BadRequest can't return JSON?

Question

I am trying to return a JSON object along with a 400 error code. This correctly returns the object (e.g. {"email": ["A user with that email address already exists."]}:

return HttpResponse(json.dumps(dict(form.errors.items())))

Whereas these all just return an unreadable object ([object Object]):

return BadRequest(json.dumps(dict(form.errors.items())))
return HttpResponseBadRequest(json.dumps(dict(form.errors.items())))
return BadRequest(json.dumps(dict(form.errors.items())), content_type='application/json')

How do I get the readable object along with a 400 Bad Request error code?
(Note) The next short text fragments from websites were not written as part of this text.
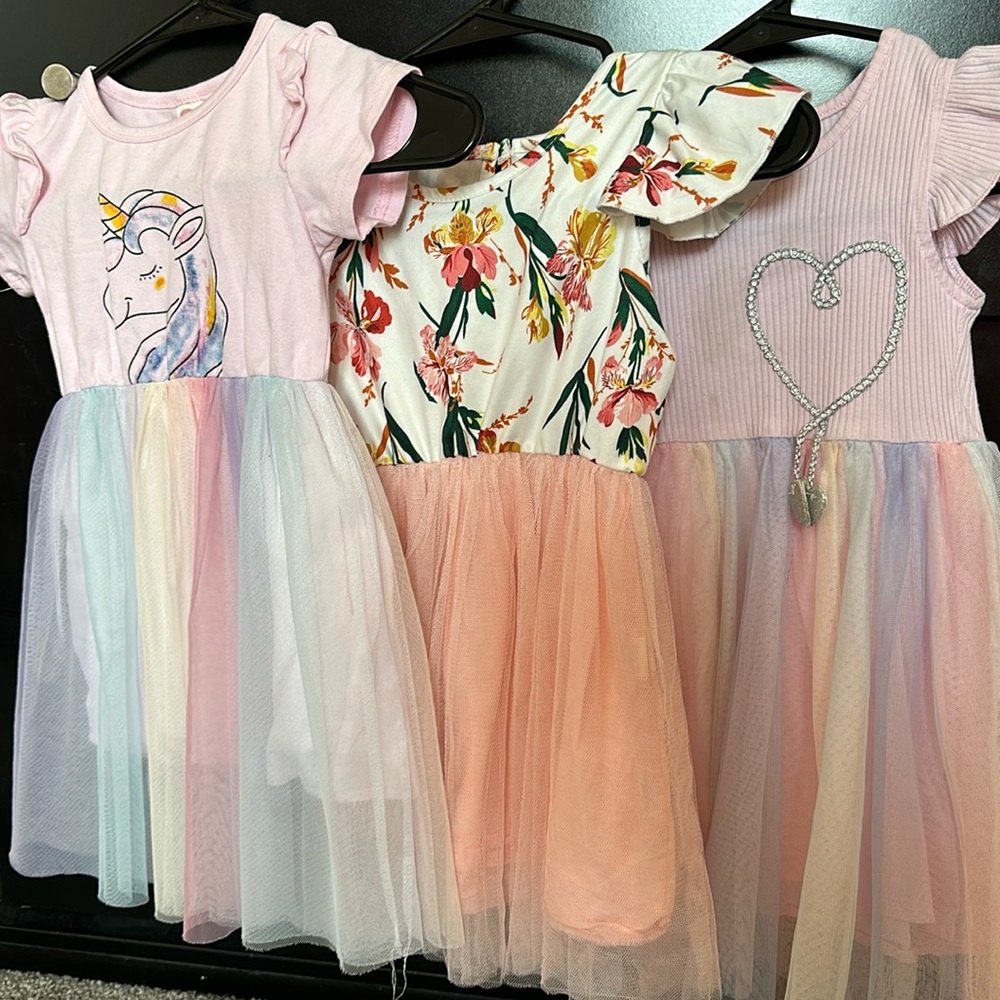 Total of 3 Girls Dresses Size 100 (US size 3T)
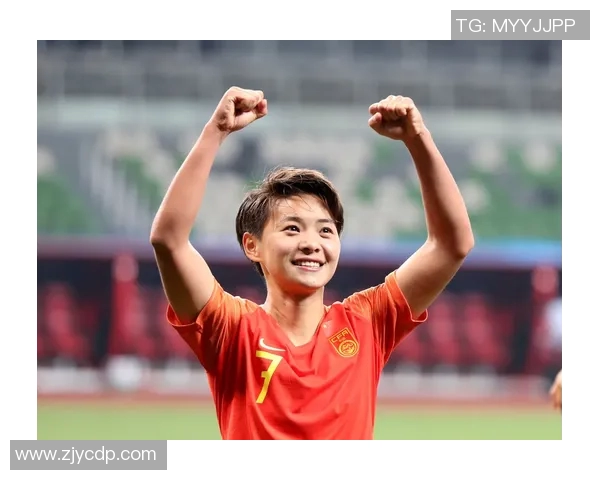 足球明星们齐贺圣诞祝福送给你温暖与快乐的节日心声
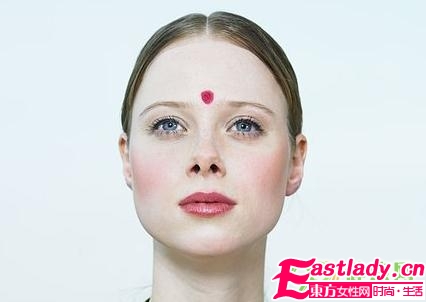 眉心長痘的原因及祛痘方法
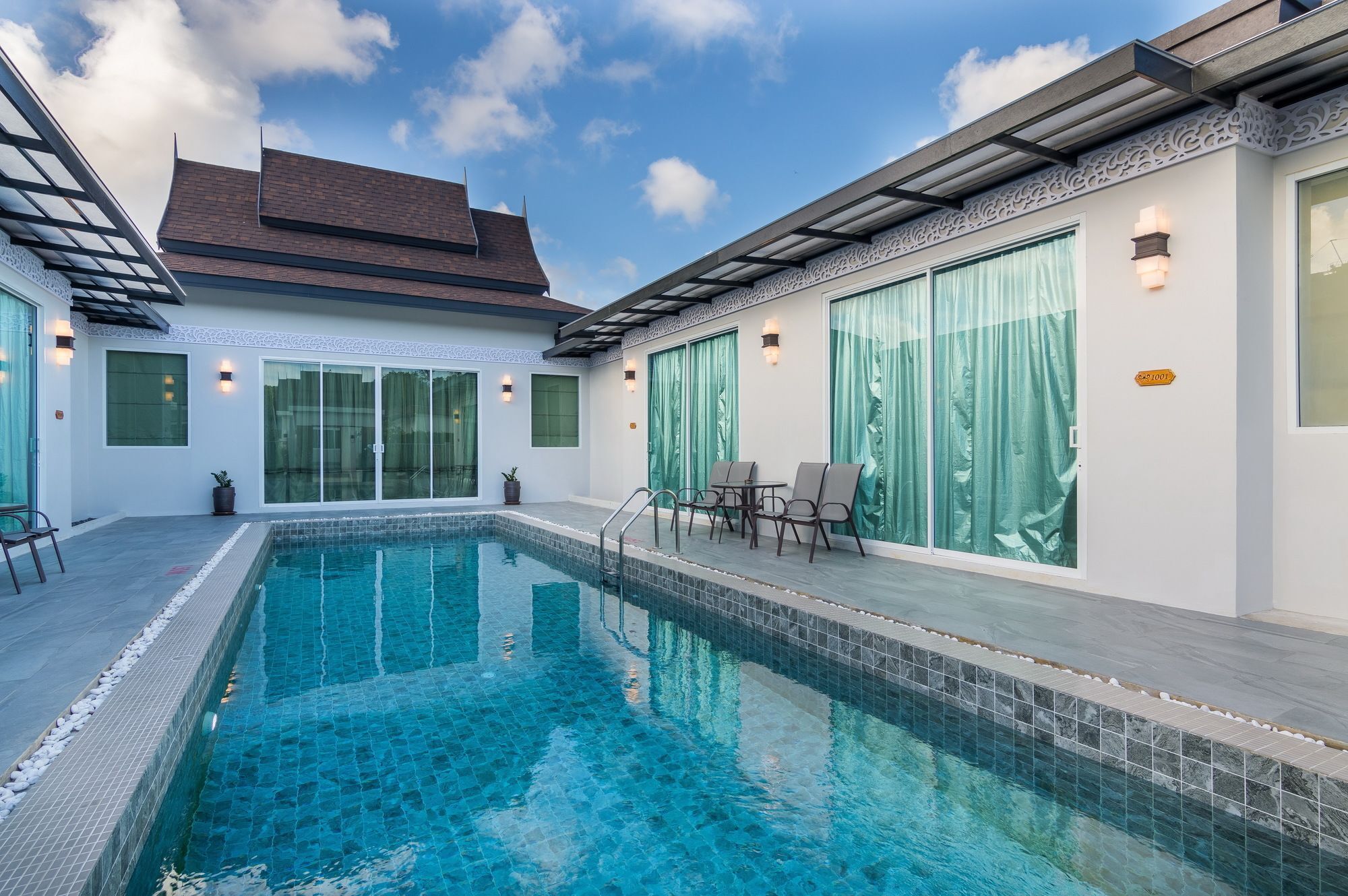 The Orchid Villa Rawai Экстерьер фото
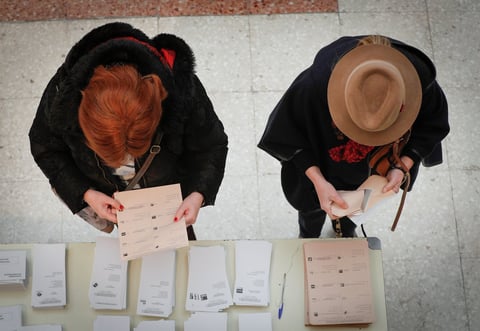 Españoles acuden a las urnas.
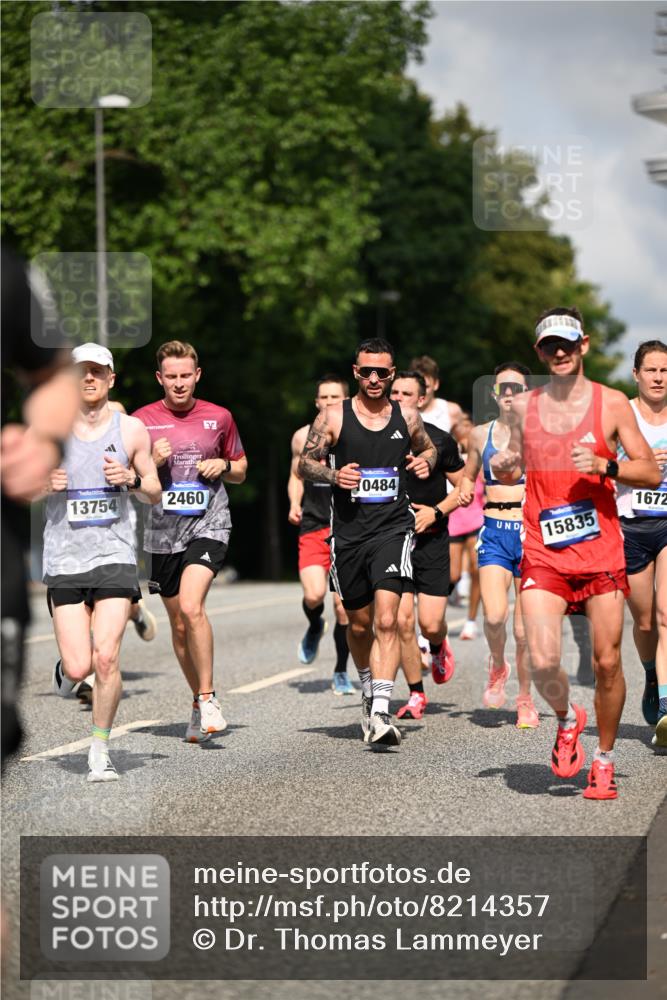29.06.2025 - hella hamburg halbmarathon Dr. Thomas Lammeyer http://msf.ph/oto/8214357 29.06.2025 09:49:11 Kennedybrücke 57, 1686, 1707, 1894, 4463, 4812, 5187, 5550, 6878, 7055, 7186, 7880, 7965, 8062, 9345, 10484, 10876, 11120 meine-sportfotos.de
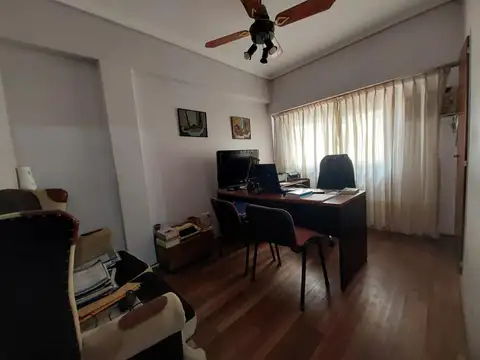 DEPARTAMENTO 3 AMBIENTES C/PATIO Y BALCON-Apto Prof.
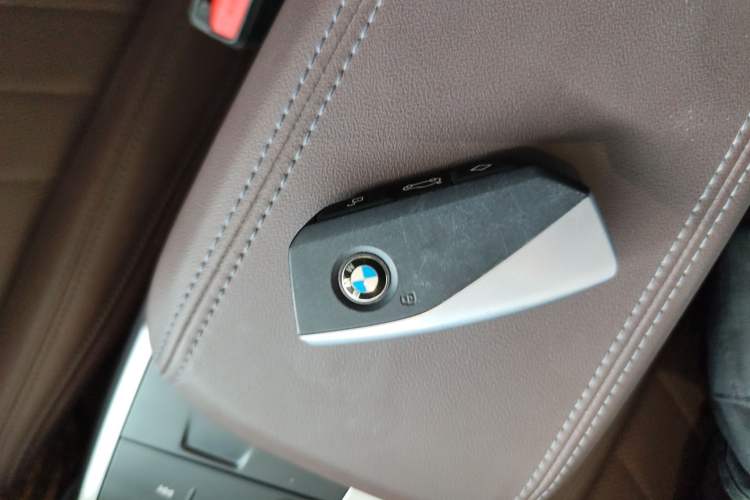 Used BMW iX1 2023 eDrive25L X Design Package Vehicle Key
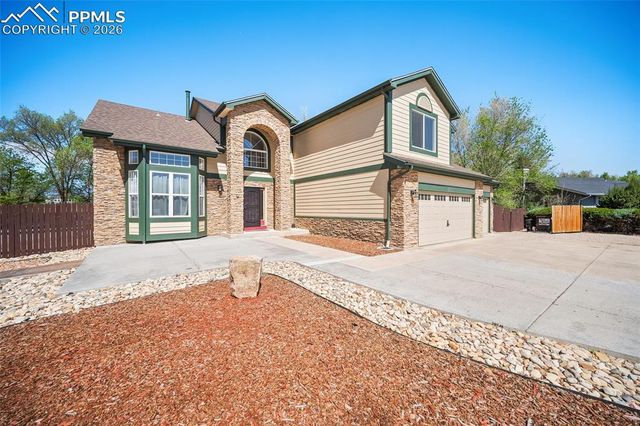 7110 Sand Trap Drive, Colorado Springs, CO 80925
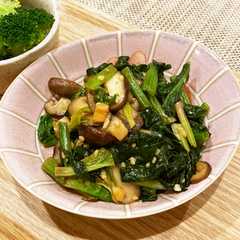 รูปของ ちぢみほうれん草と椎茸炒め#ベジタリアン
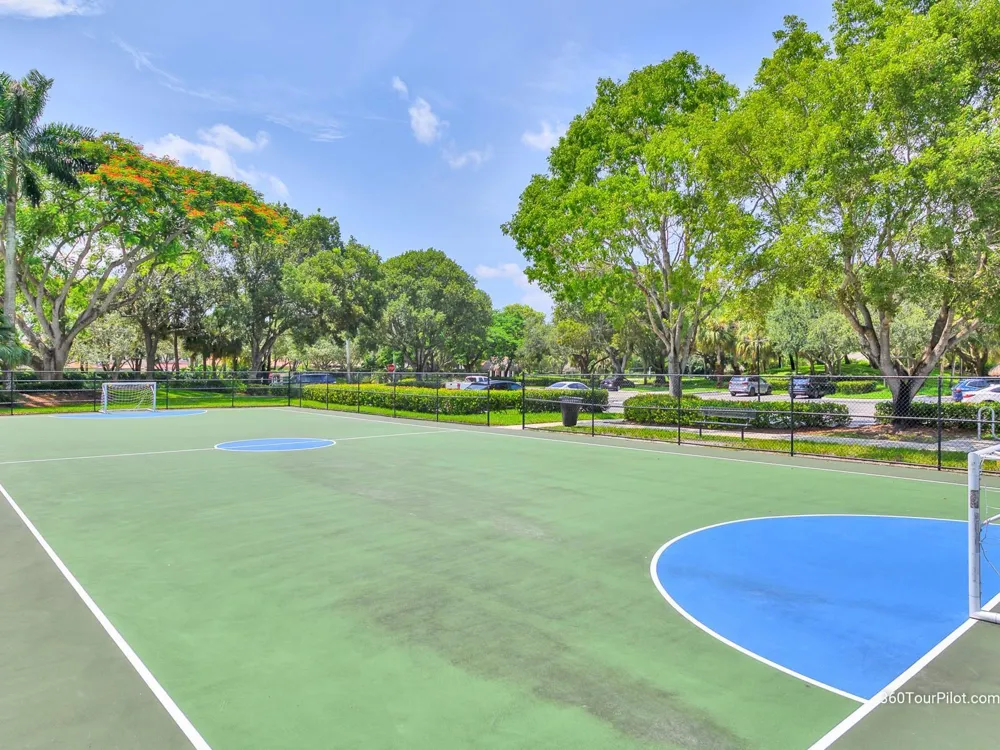 4032 Pinewood Lane Weston, FL 33331
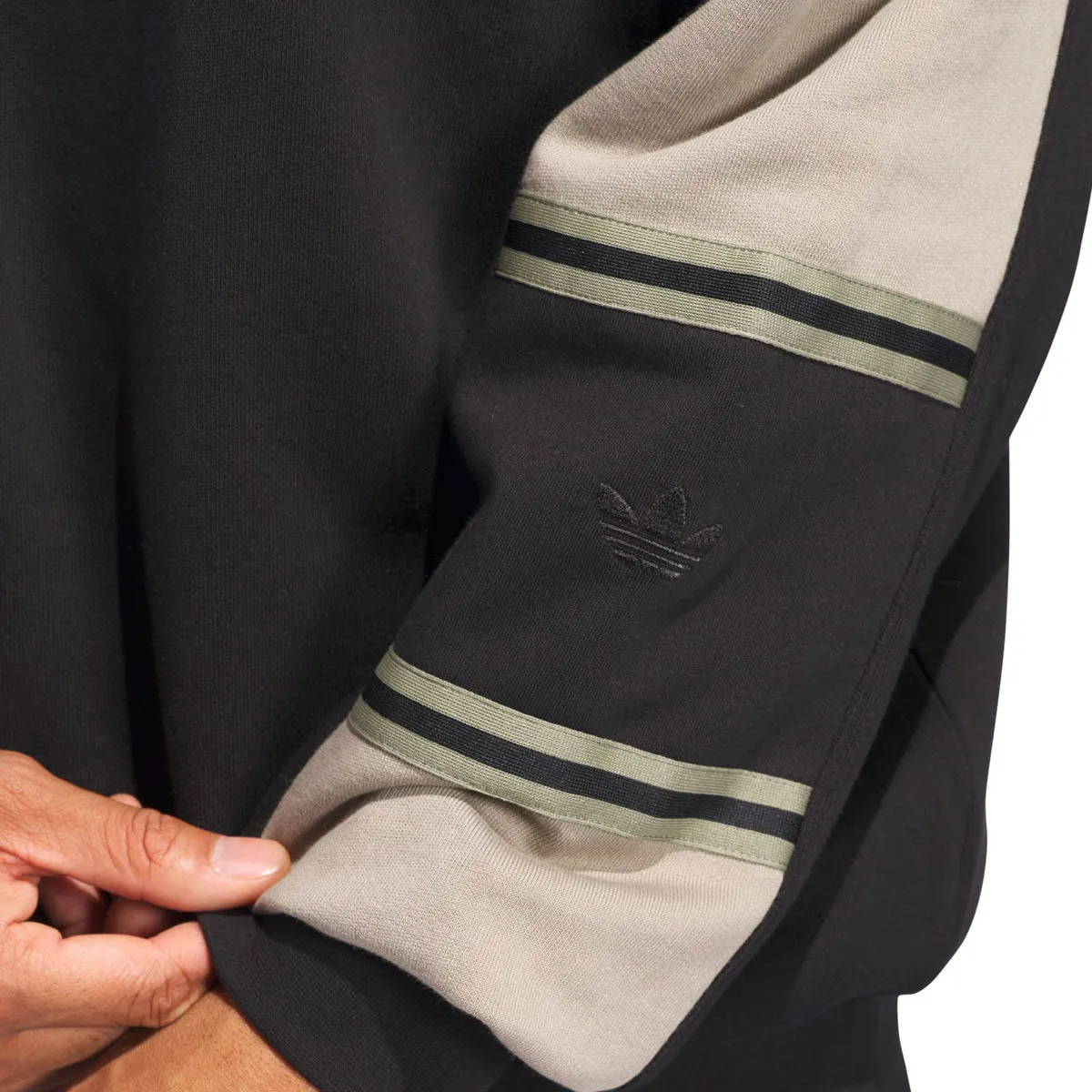 Adidas Skate Crew Sweatshirt - Black/Beige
Edit: as requested, here is the javascript (jQuery) code (edited for brevity):

// Account settings form is submitted
$(".form").on("submit", function(event) {
    event.preventDefault();
        
    // Post the form
    $.post("/edit_email/", $(this).serialize())
        .done(function(data) {
            if (data == "Email has been changed.") { // This check shouldn't be needed
                setTimeout(function() {
                    logout($("meta[name='csrf-token']").attr("content"), false);
                    window.location.href = "/";
                }, 1000);
            }
            else { // This should go in .fail
                $("#emailAlert").html($.parseJSON(data).email.join("<br/>")).removeClass("alert-hidden");
            }
        })
        .fail(function(data) {
            console.log(data); // Always returns [object Object]
        });
});

And my Django view:

def edit_email(request):
if not request.META.get('HTTP_X_REQUESTED_WITH') == 'XMLHttpRequest' or not request.method == "POST":
    return HttpResponseNotAllowed(["POST"])
        
if request.POST.get("email") == request.user.email:
    return HttpResponse(json.dumps( { "email": [ "Please enter a different email address." ] }))
else:
    form = EditEmailForm(request.POST, instance=request.user)

    if form.is_valid():
        form.save()
        return HttpResponse("Email has been changed.")
    else:
        return HttpResponse(json.dumps(dict(form.errors.items())))
        # return BadRequest(json.dumps(dict(form.errors.items())), content_type='application/json')

Answer 1

Probably the easiest way is a JsonResponse ^[Django-doc] with status=400:

def my_view(request):
    # …
    return JsonResponse(dict(form.errors.items()), status=400)

this also omits serializing manually.